Pion photoproduction off nucleons via s-channel resonances up to a total c.m. energy of ˜ 2 GeV, and also the electromagnetic decay widths of such resonances, are investigated in a recently proposed unified model of B̅ B_LP and B̅ B_LV couplings. In this phenomenological model, which uses the "quark" language only formally, the couplings BB_LP of baryon resonance (B_L) with pseudoscalar (P) mesons in broken SU(6)×O(3) are extended to incorporate electromagnetic interactions through "partial symmetry" for BB_LV couplings, together with the principle of vector-meson dominance. These supermultiplet L^P→0⁺ transitions are characterized by an empirical but relativistically invariant multiplying form factor, for which two different forms are considered. The calculated electromagnetic decay widths for the baryon resonances Y^*(1520) and Δ(1238) are in extremely good agreement with experiment. For the other resonances no direct experimental data are available, and comparison has been made with other contemporary analyses.

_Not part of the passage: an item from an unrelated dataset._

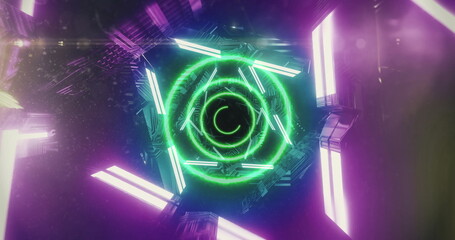 Image of green neon circular scanner processing over spinning lights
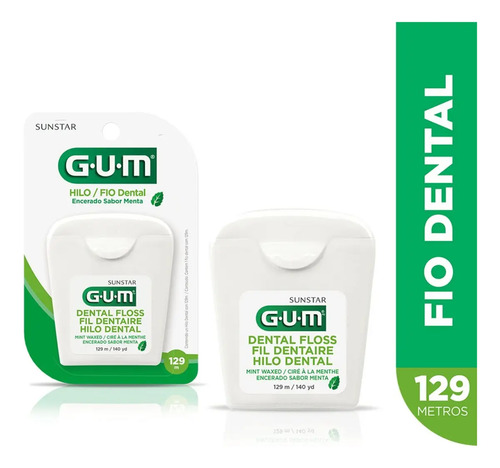 Hilo Dental Gum Encerado Sabor Menta 129 Metros Menta - Imagen 3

The results for the reactions γp→π⁰p, γp→π⁺n, and γn→π^-p are also presented with reference to the following types of data: (i) total cross sections, (ii) the angular distribution of the differential cross sections, (iii) the energy dependence of the cross sections at fixed angles (especially π=0, π), and (iv) recoilproton polarization. The agreement with the experimental data in all these respects is extremely good, thus suggesting that the direct s channel makes a large and dominant contribution to the amplitude in the intermediate-energy region. The only discrepancy lies in the forward direction for charge-exchange processes, where the t-channel pion pole is known to be important, yet a partial simulation of duality seems to be indicated by our results. Also, the qualitative features of pionic photoproduction are reasonably well reproduced by our model. The Moorhouse selection rule for spin quartet states and a "charge" selection rule proposed recently by Copley et al. are satisfied in the limit of m_ρ=m_ω in our model. The most prominent resonances turn out to be P₁₁, P₃₃, D₁₃, F₁₅, and F₃₇.